• Entries supplied:

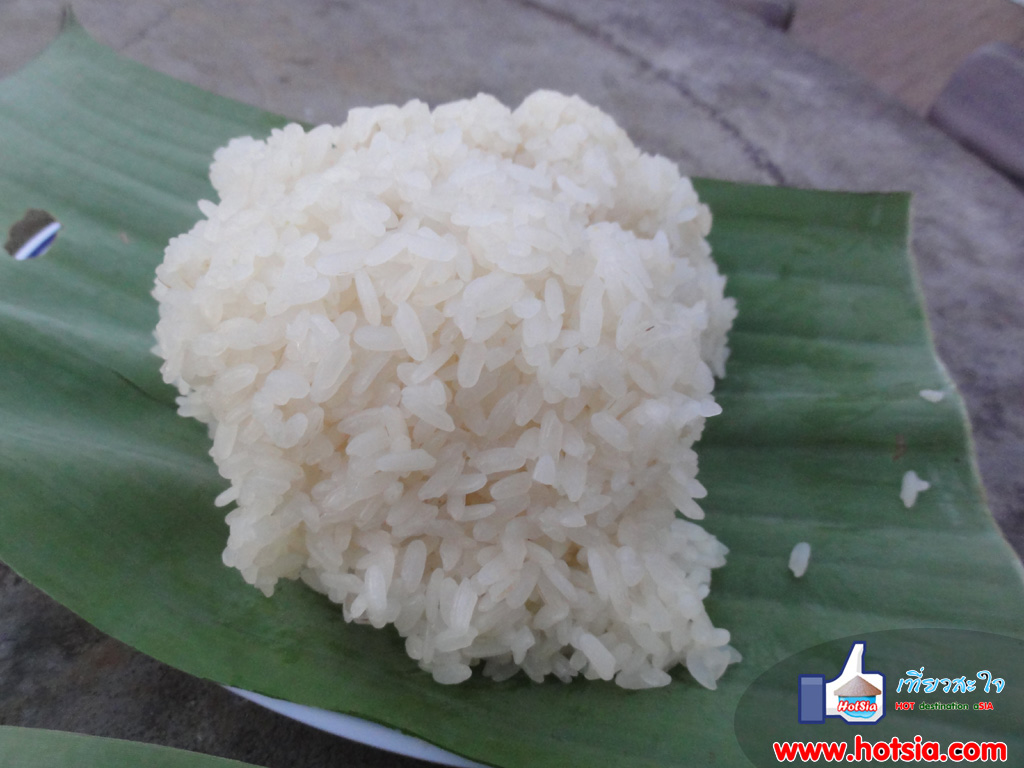 หลวงน้ำทา ข้าวเหนียว ส้มตำ เป็ดย่าง หลวงน้ำทา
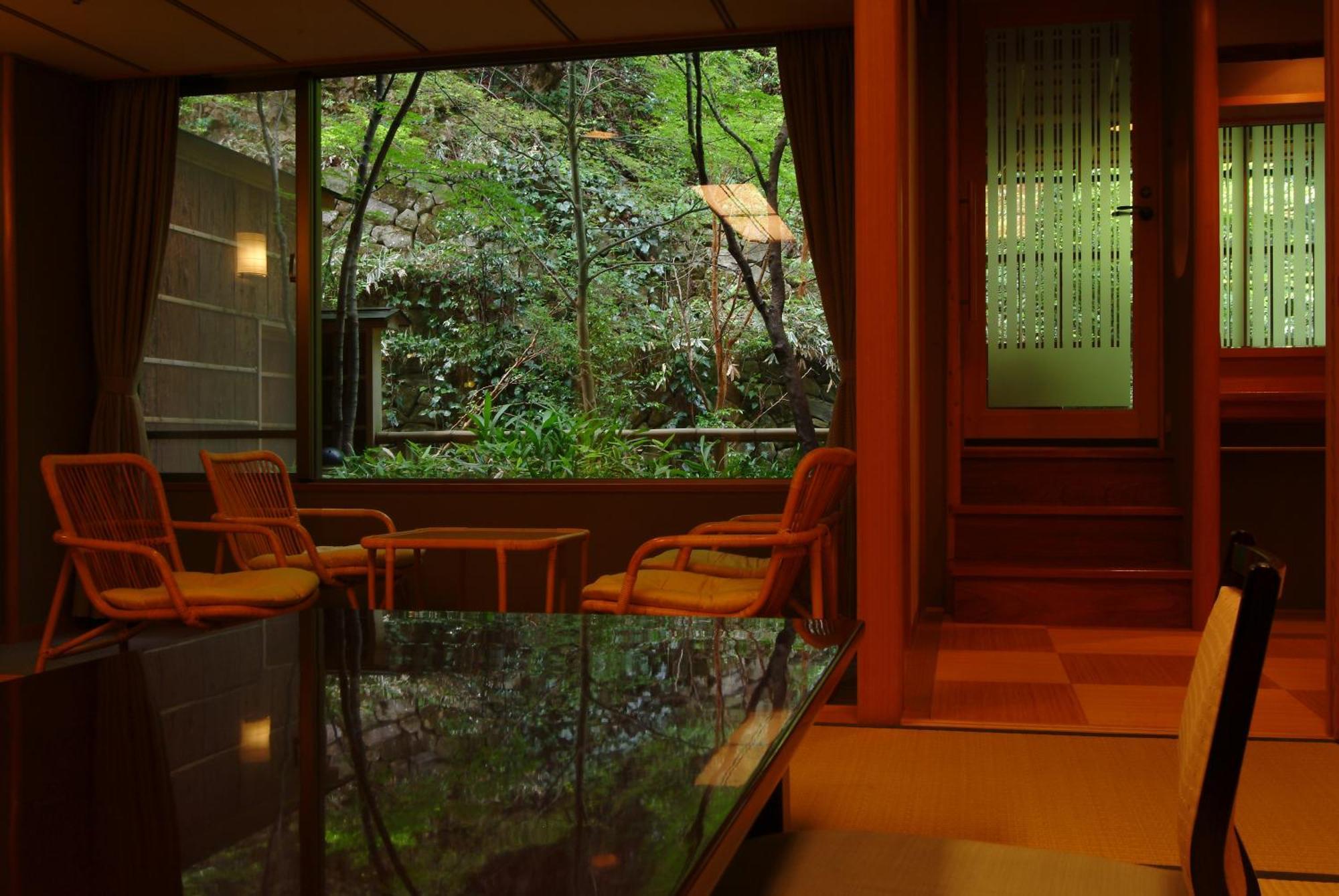 Kinosaki Onsen Nishimuraya Hotel Shogetsutei Toyooka  Extérieur photo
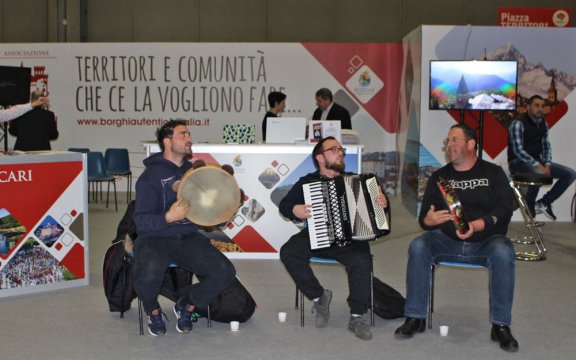 Fonarà-tamburelli-fisarmonica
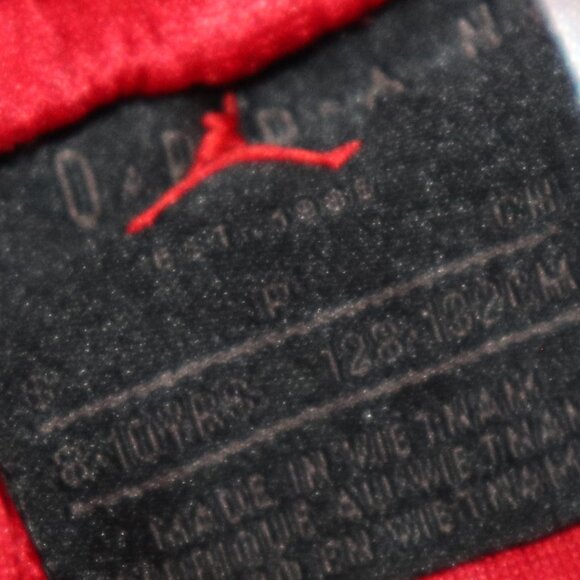 🏀🖤❤️ Jordan Air Basketball Shorts · Size Small (8–10Y) - Picture 3 of 4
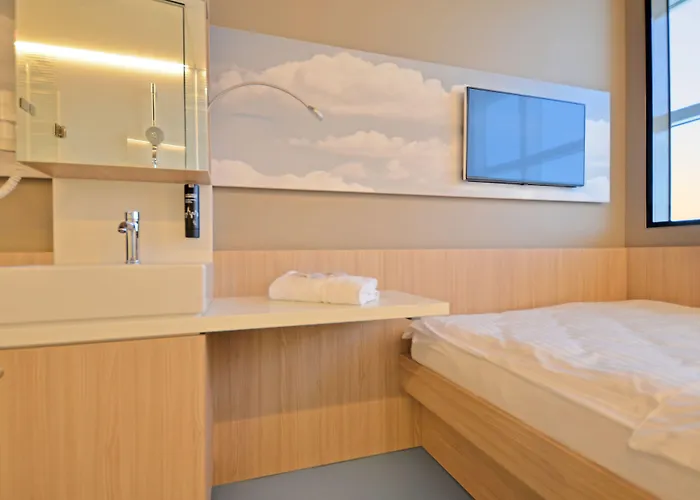 My Cloud Transit - Guests With International Flight Only! Hotel Frankfurt nad Menem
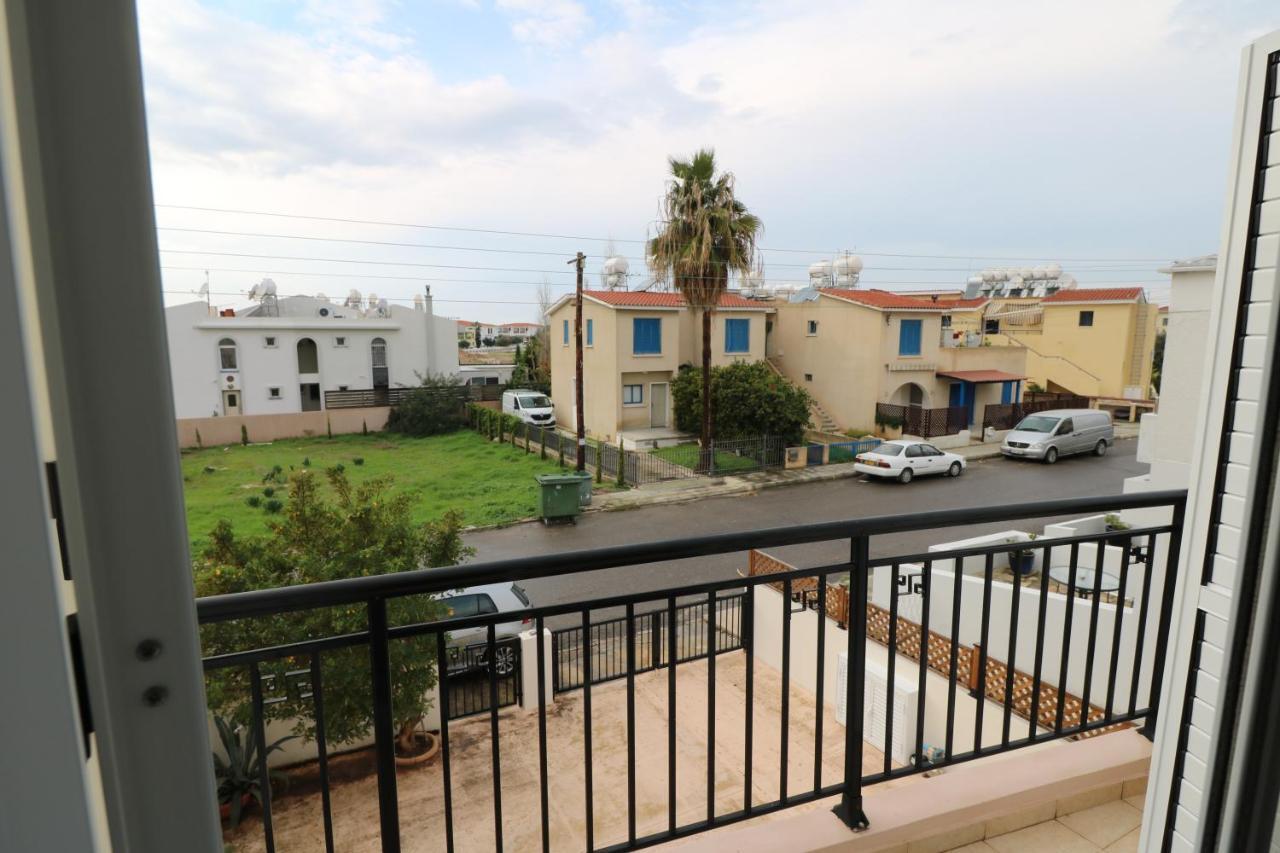 The Paradise Townhouses By Taimoura Paphos Bagian luar foto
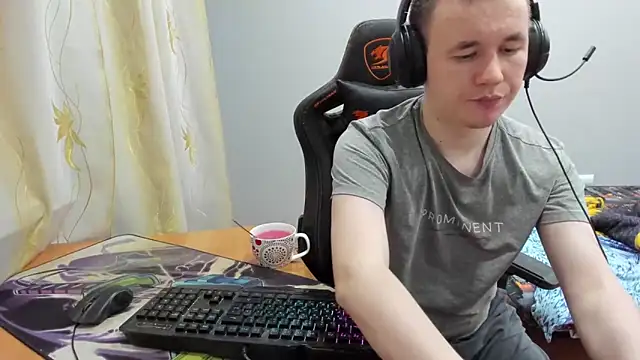 iliaskrislove online show from October 15, 4:07 pm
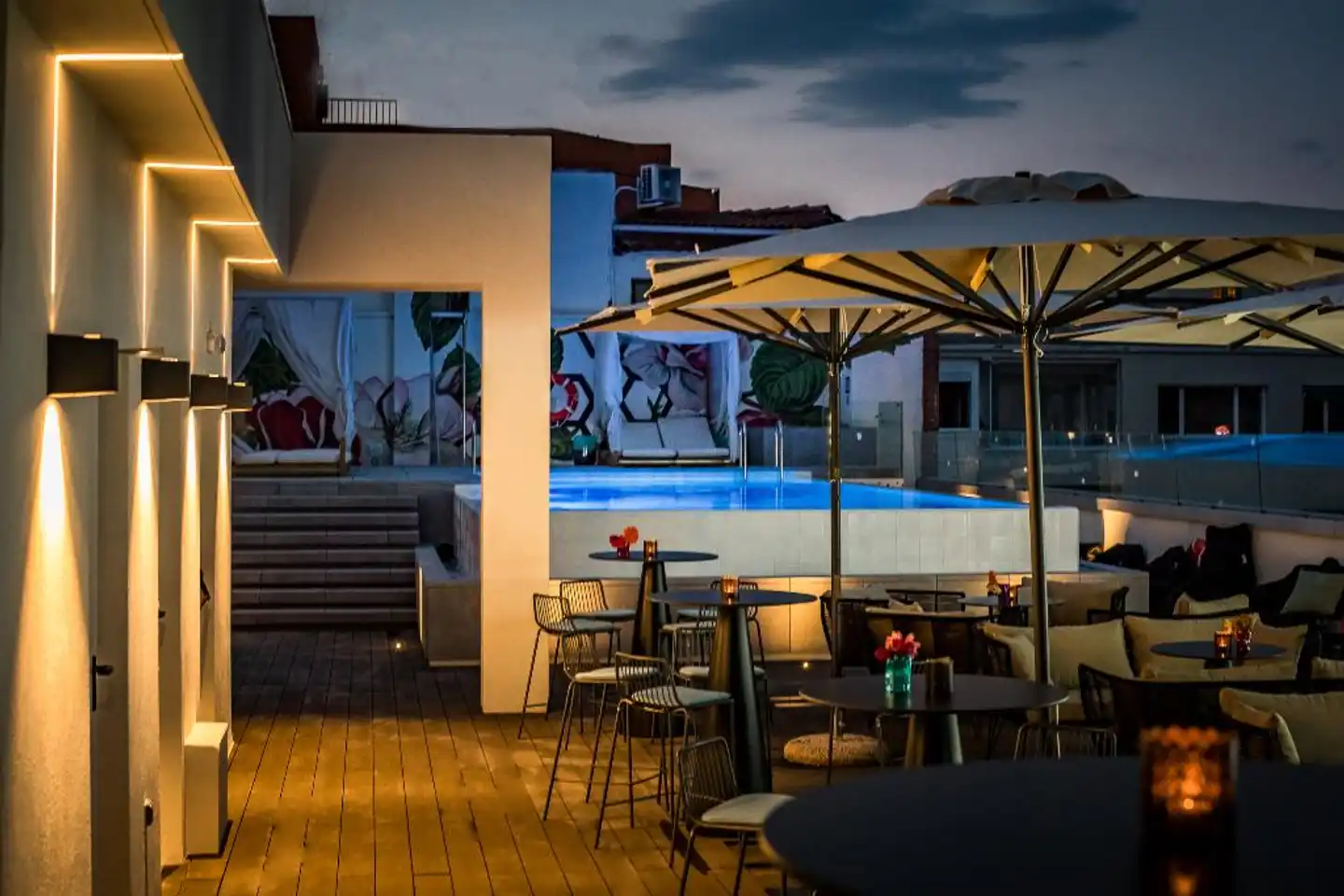 NYX Hotel Madrid by Leonardo Hotels Terrasse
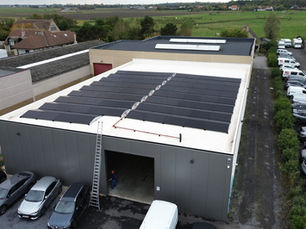 Witte Alphathor Snow EPDM: koel dak, hoger rendement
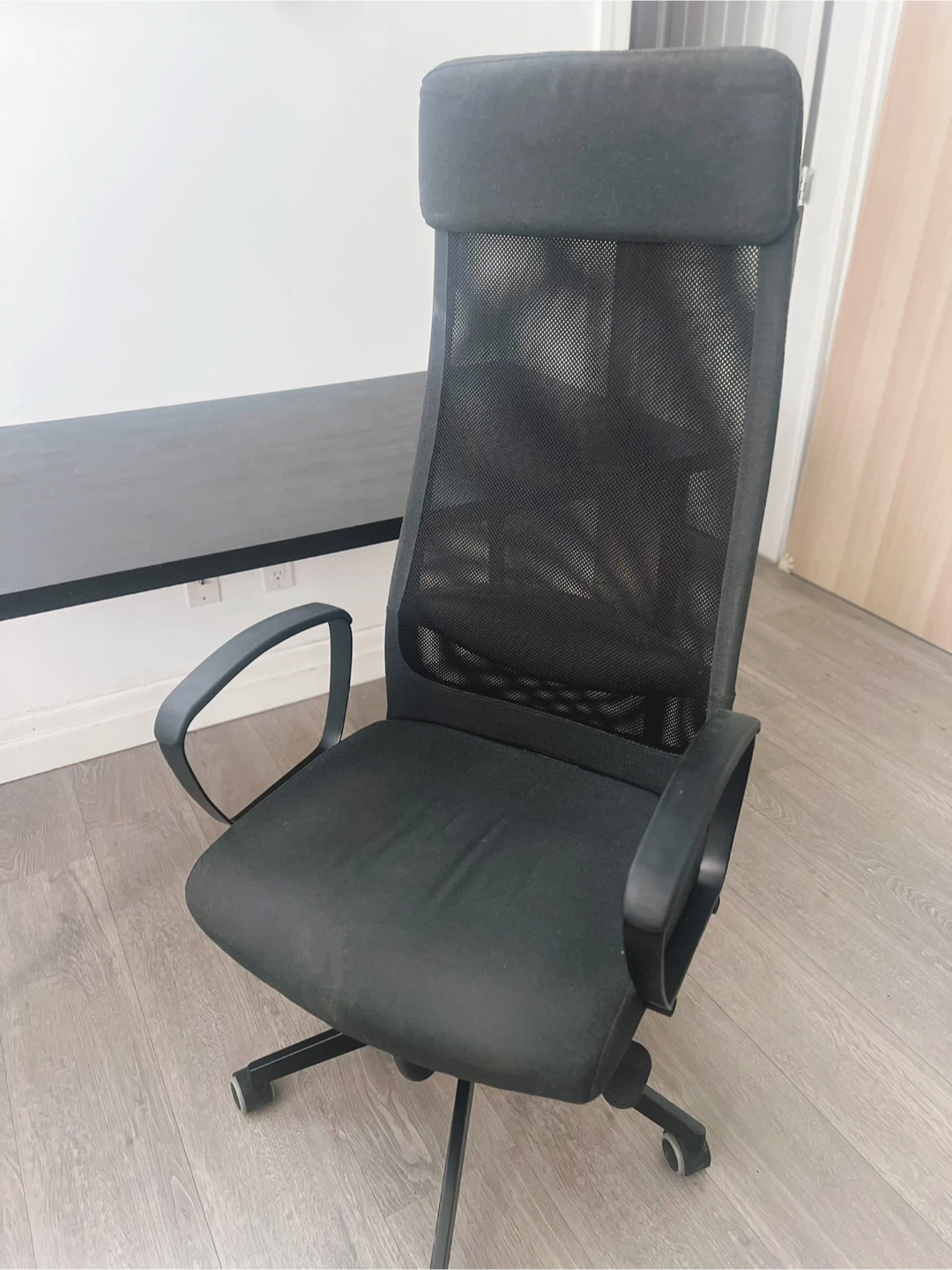 Delivery Available For IKEA Office Chair and Desk,lamp Set - photo 2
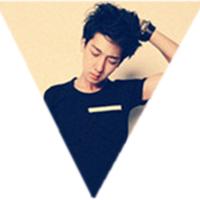 男生头像图片背景三角形_WWW.WHOISQQ.COM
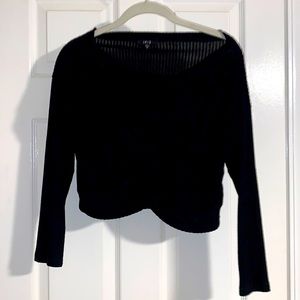 Black, 3/4 sleeve, cris cross bottom crop top, scoop neck,ribbed Size Medium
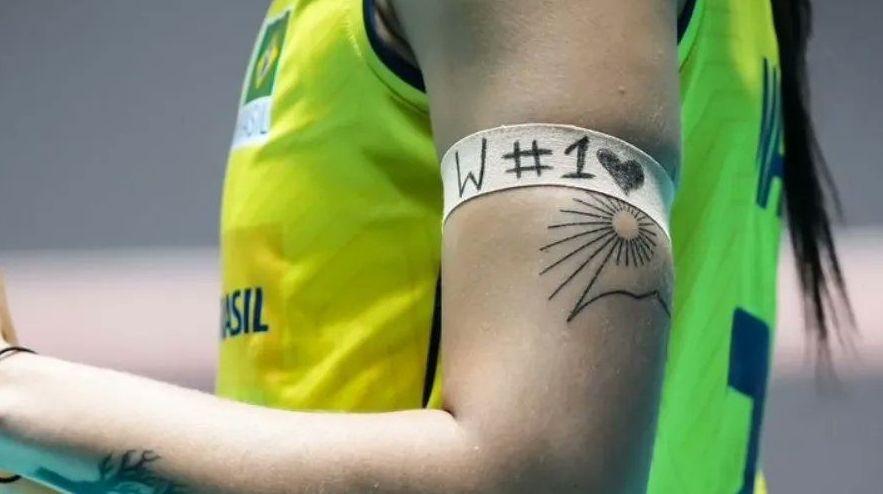 Homenagem das jogadoras da Seleção Brasileira de Vôlei à Walewska Oliveira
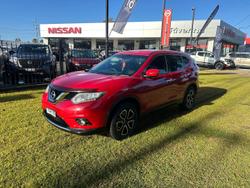 2014 Nissan
X-TRAIL TS
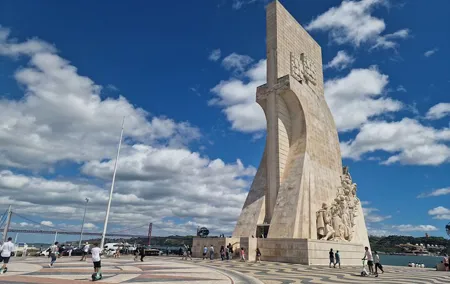 Private Tour Lisbon Half Day:Top Highlights, offer wine bottle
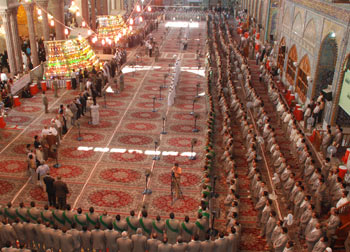 وفود مهرجان ربيع الشهادة الخامس يتقدمها رئيس ديوان الوقف الشيعي تؤدي مراسيم الممارسة العبادية داخل الصحن الحسيني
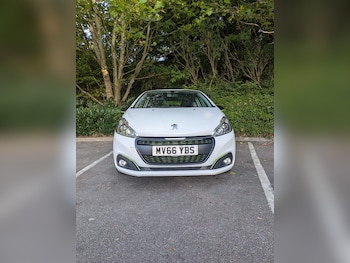 Used Peugeot 208 2016 for sale - 77643879: Photo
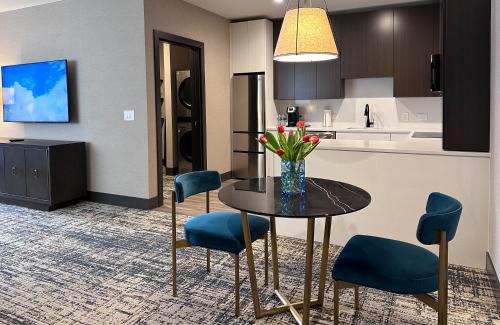 Chinatown Hotel | Explore SpringHill Suites by Marriott in Vibrant Chinatown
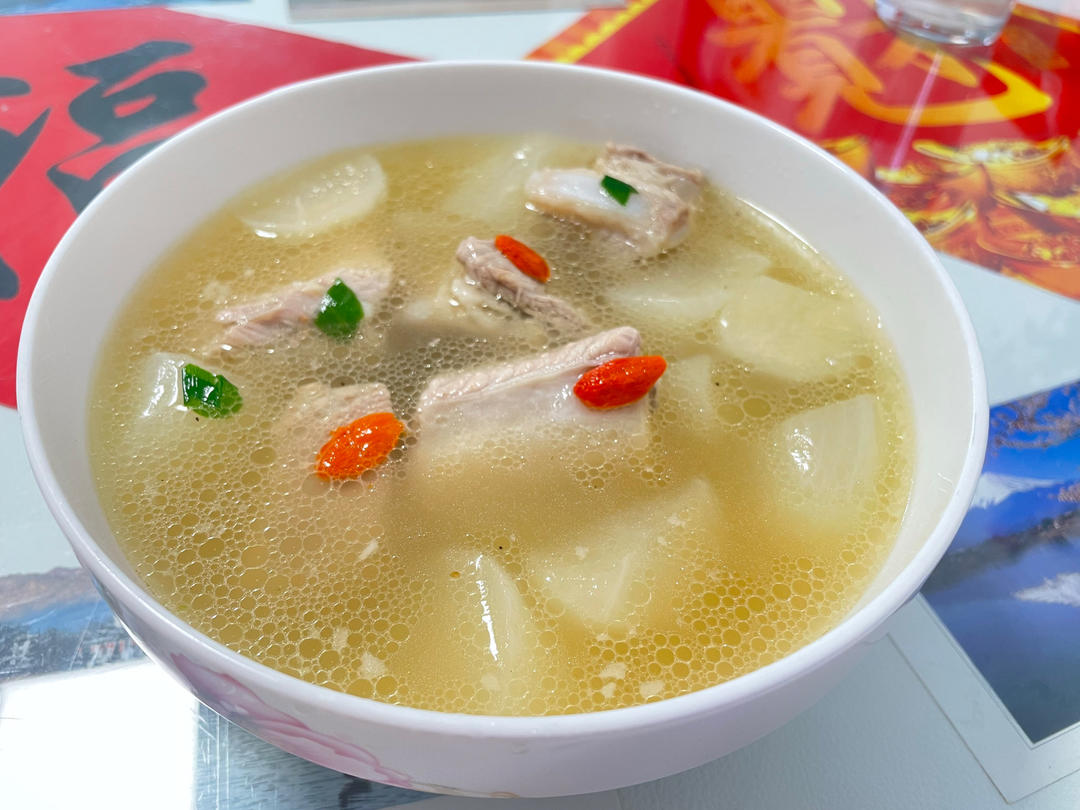 冬季养生汤❗️汤鲜味美～萝卜排骨汤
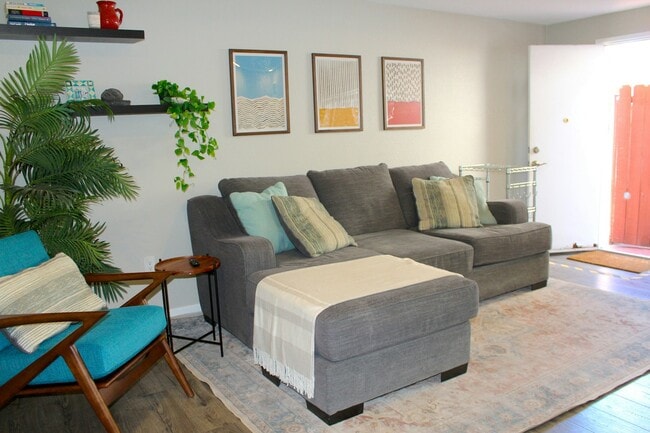 4679 Esther St in San Diego, CA - Building Photo - Building Photo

• Problem to work on:
Return each of the lines exactly as they appear above, with no images.

• Task result:
 หลวงน้ำทา ข้าวเหนียว ส้มตำ เป็ดย่าง หลวงน้ำทา
 Kinosaki Onsen Nishimuraya Hotel Shogetsutei Toyooka  Extérieur photo
 Fonarà-tamburelli-fisarmonica
 🏀🖤❤️ Jordan Air Basketball Shorts · Size Small (8–10Y) - Picture 3 of 4
 My Cloud Transit - Guests With International Flight Only! Hotel Frankfurt nad Menem
 The Paradise Townhouses By Taimoura Paphos Bagian luar foto
 iliaskrislove online show from October 15, 4:07 pm
 NYX Hotel Madrid by Leonardo Hotels Terrasse
 Witte Alphathor Snow EPDM: koel dak, hoger rendement
 Delivery Available For IKEA Office Chair and Desk,lamp Set - photo 2
 男生头像图片背景三角形_WWW.WHOISQQ.COM
 Black, 3/4 sleeve, cris cross bottom crop top, scoop neck,ribbed Size Medium
 Homenagem das jogadoras da Seleção Brasileira de Vôlei à Walewska Oliveira
 2014 Nissan
X-TRAIL TS
 Private Tour Lisbon Half Day:Top Highlights, offer wine bottle
 وفود مهرجان ربيع الشهادة الخامس يتقدمها رئيس ديوان الوقف الشيعي تؤدي مراسيم الممارسة العبادية داخل الصحن الحسيني
 Used Peugeot 208 2016 for sale - 77643879: Photo
 Chinatown Hotel | Explore SpringHill Suites by Marriott in Vibrant Chinatown
 冬季养生汤❗️汤鲜味美～萝卜排骨汤
 4679 Esther St in San Diego, CA - Building Photo - Building Photo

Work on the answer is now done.